Distributed, Real-Time Bayesian Learning in Online Services
The last ten years have seen a tremendous growth in Internet-based online services such as search, advertising, gaming and social networking. Traditionally, offline analysis of large collections of user interaction data has informed building predictive models for these services; today, adjusting and improving these models in real-time has become just as important.
One of the biggest challenges in this setting is scale: not only does the sheer scale of data necessitate parallel processing but it also necessitates distributed models; with over 900 million active users at Facebook, any user-specific sets of features in a linear or non-linear model yields models of a size bigger than can be stored in a single physical computer.
In this talk, I will give a hands-on introduction to one of the most versatile tools for handling large collections of data with distributed probabilistic models: the sum-product algorithm for approximate message passing in factor graphs.

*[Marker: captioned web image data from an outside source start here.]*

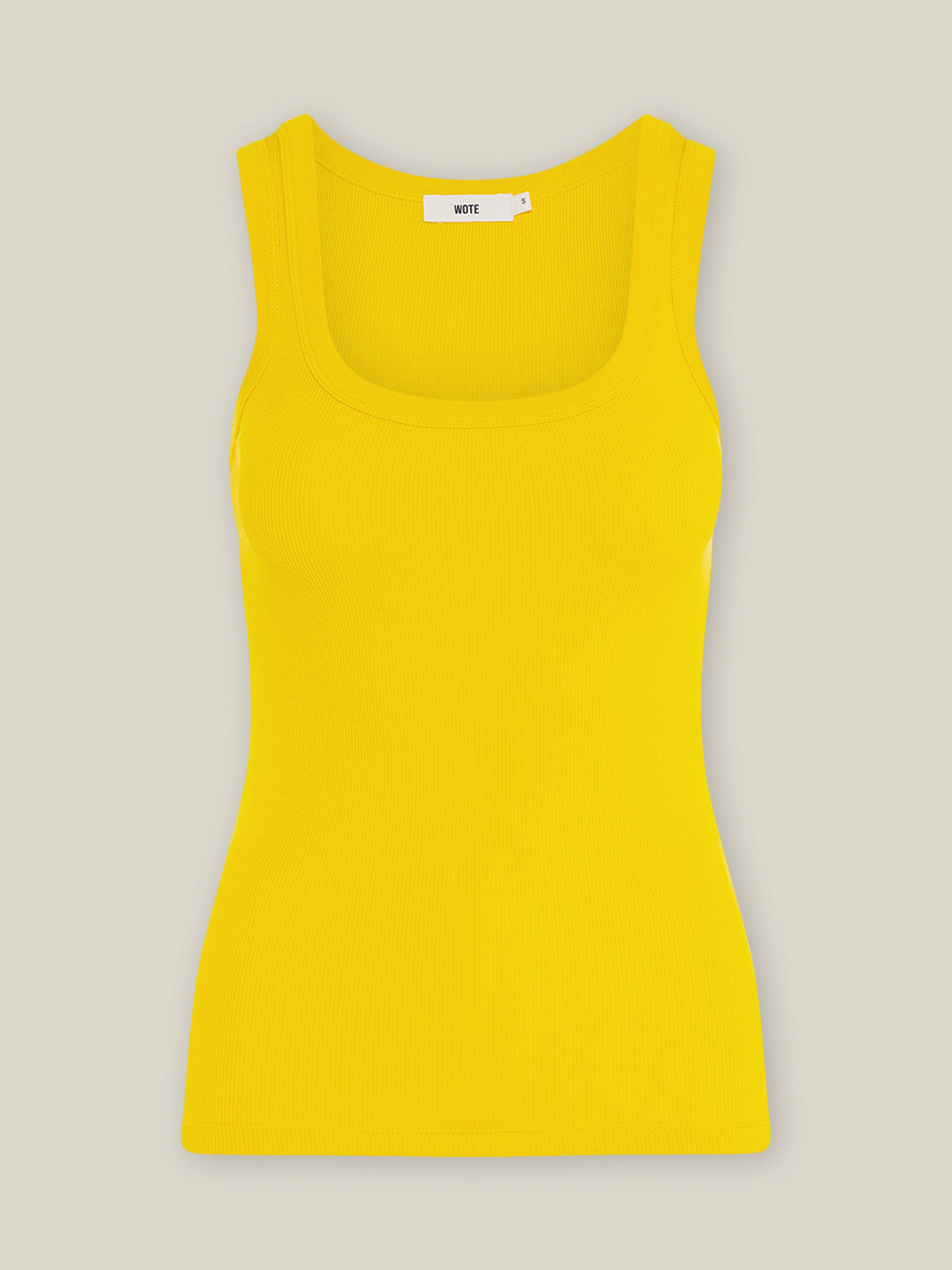 Geripptes Damen Tank Top in Gelb aus Bio-Baumwolle mit Elasthan, tiefer Rundhalsausschnitt, enge Passform von WOTE - made in Portugal, Freisteller Ansicht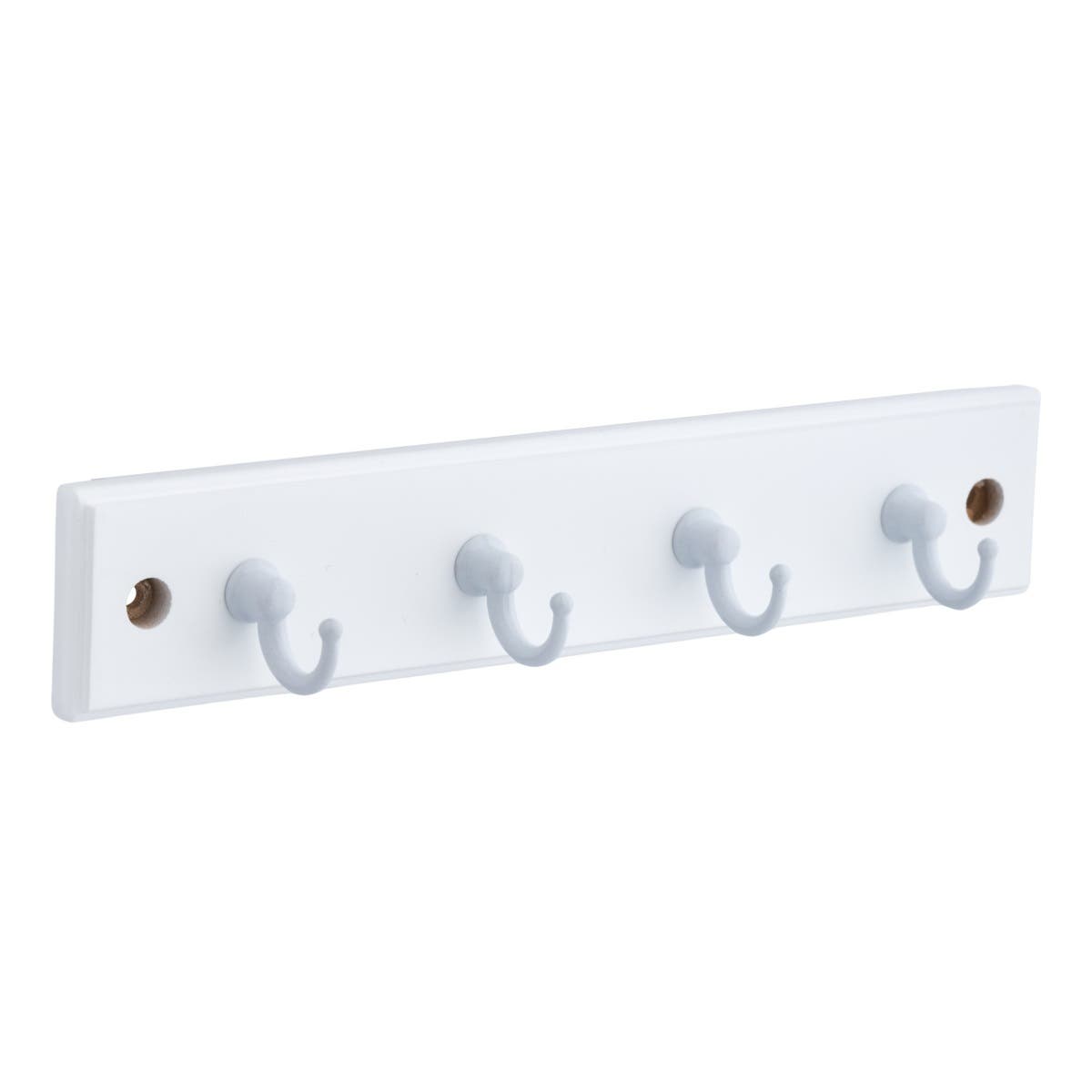 4 Small White Key Hooks On Ridged White Wooden Board - Decorails Price Comparisons | Compare The Build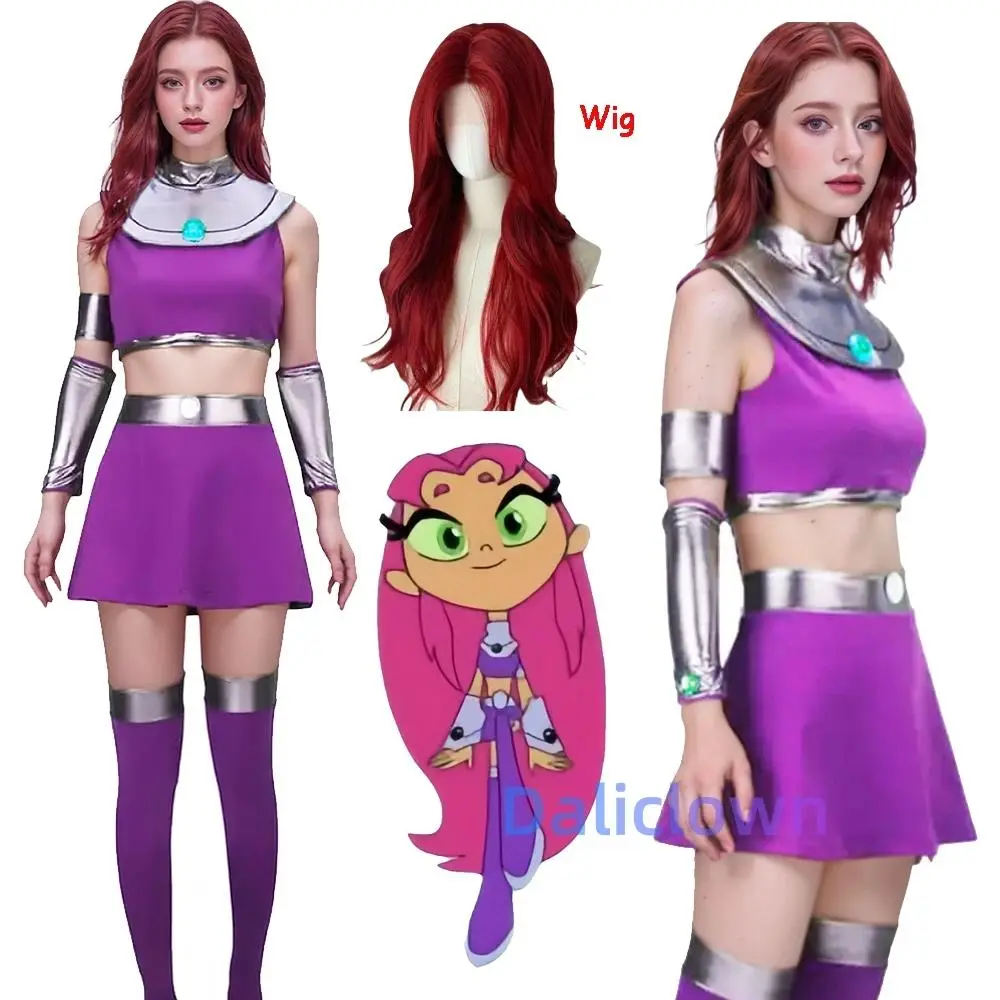 Starfire Cosplay Costume Teen Girl Princess Koriand'r Tian Skirt Dress Up Wig for Halloween Anime Comic Con Starfire Outfit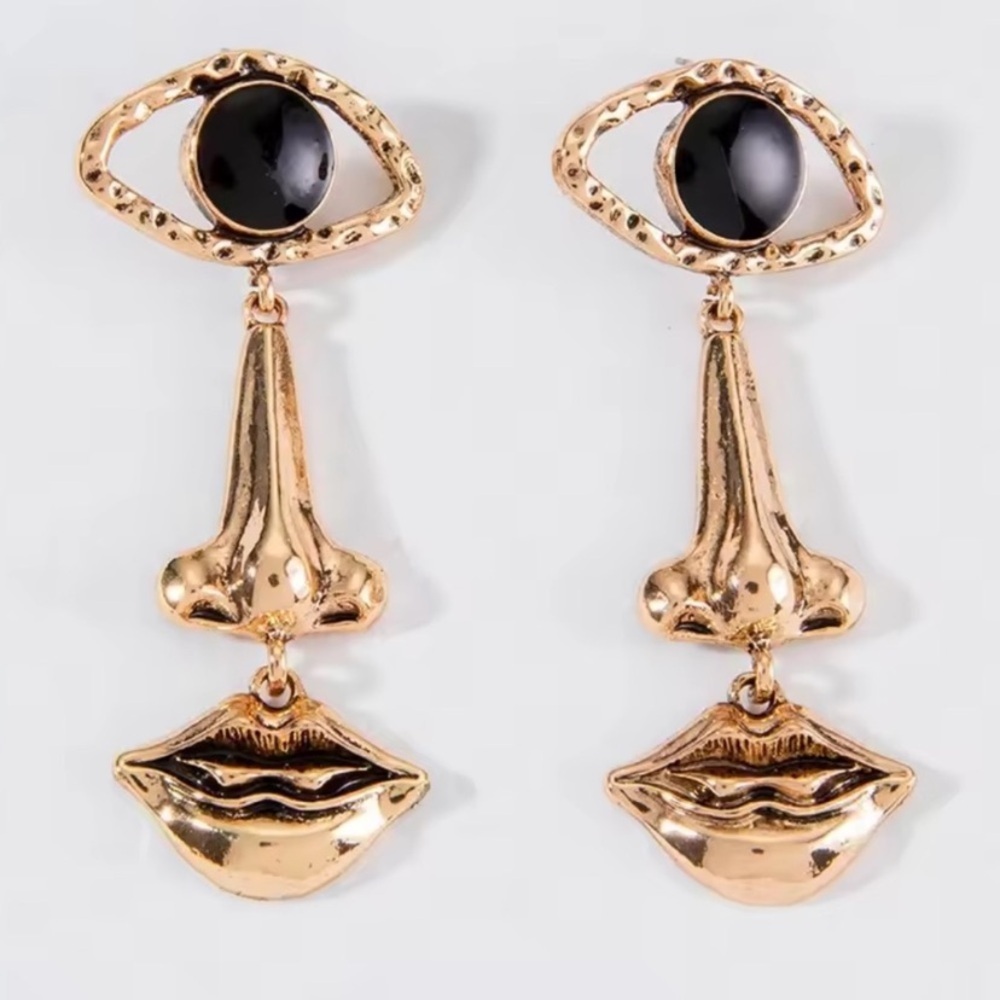 Anthropologie Face vintage gold color Eye Nose Lips Dangle |Artistic Statement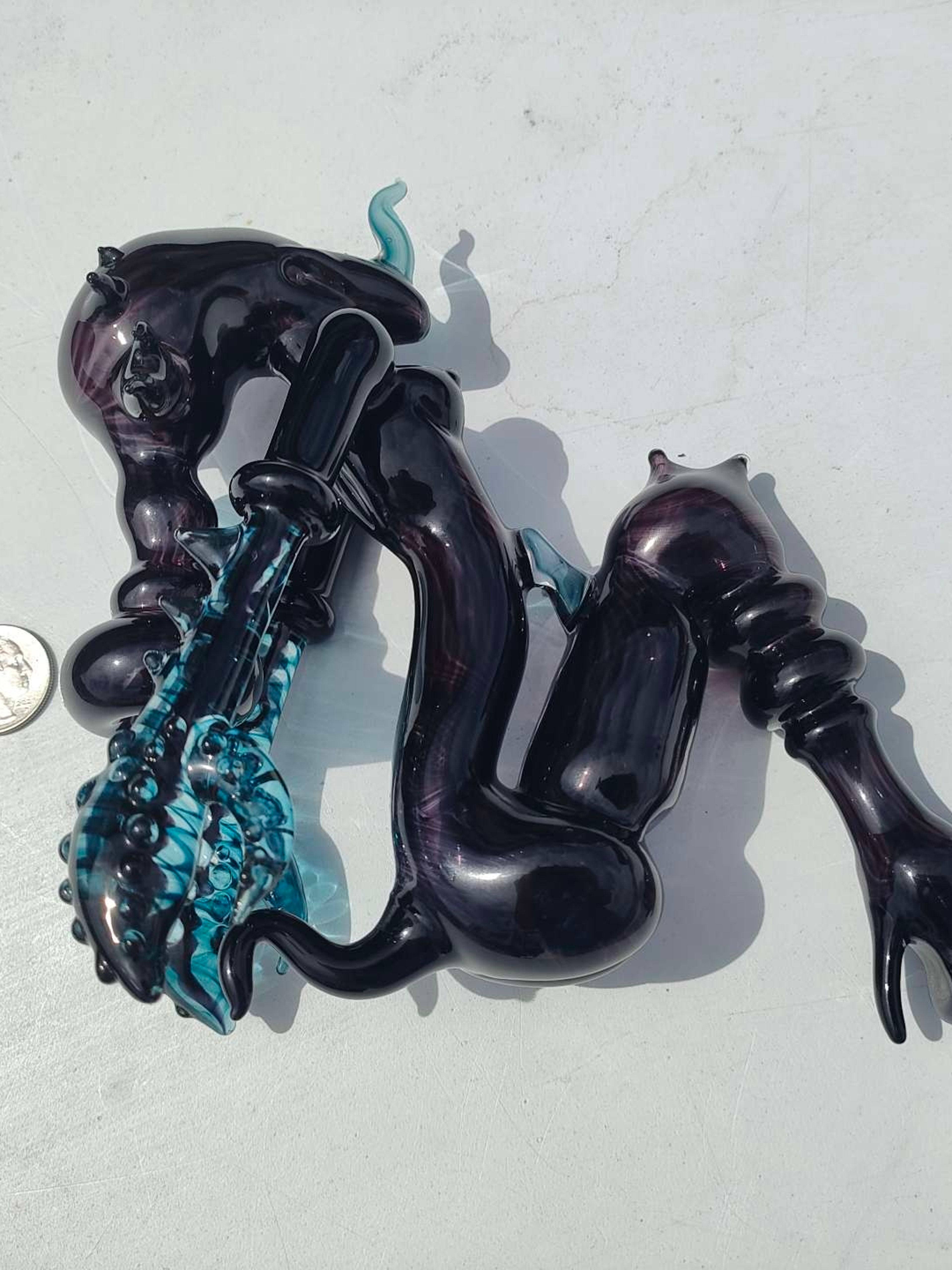 Preview pic of Signed Chaz 2009 Devil Girl Creature Rig Early American Heady Glass Sculptural Character Piece Verified Signature Rare Surreal Functional Art Collector Grade Studio Work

I will discuss the application of this algorithm for the specific case of generalised linear models and outline the challenges of both approximate and distributed message passing including an in-depth discussion of expectation propagation and the relation to Map-Reduce - a related technique for dealing with Big data and distributed learning. The talk will be filled with experimental findings when running such systems at the scale of Facebook.
Speaker bioRalf is working at Facebook on large-scale, distributed learning and prediction as a web services/infrastructure. Before joining Facebook, he was heading the Bing Personalization team which focused on prototyping and enabling personalized experiences across Microsoft's Online Services Division. Prior this his work on Bing, Ralf was Director of Microsoft's Future Social Experiences (FUSE) Labs UK working on new social experiences powered by computational intelligence technologies on large online data collections. Ralf joined Microsoft Research in 2000 as a Postdoctoral researcher and Research Fellow of the Darwin College Cambridge. During his time at Microsoft Research, Ralf was working in the areas of machine learning, information retrieval, game theory, artificial intelligence, optimization and social network analysis. Prior to joining Microsoft, Ralf worked at the Technical University Berlin as a teaching assistant where he obtained both a Diploma degree in Computer Science and a Ph.D. degree in Statistics.
Ralf's research interests include Bayesian inference and decision making, computer games, kernel methods, statistical learning theory and distributed systems. Ralf is one of the inventors of the Drivatars system used in the Forza Motorsport series as well as the TrueSkill ranking and matchmaking system in Xbox 360 Live. He also co-invented the click-prediction technology used in Bing's online advertising system.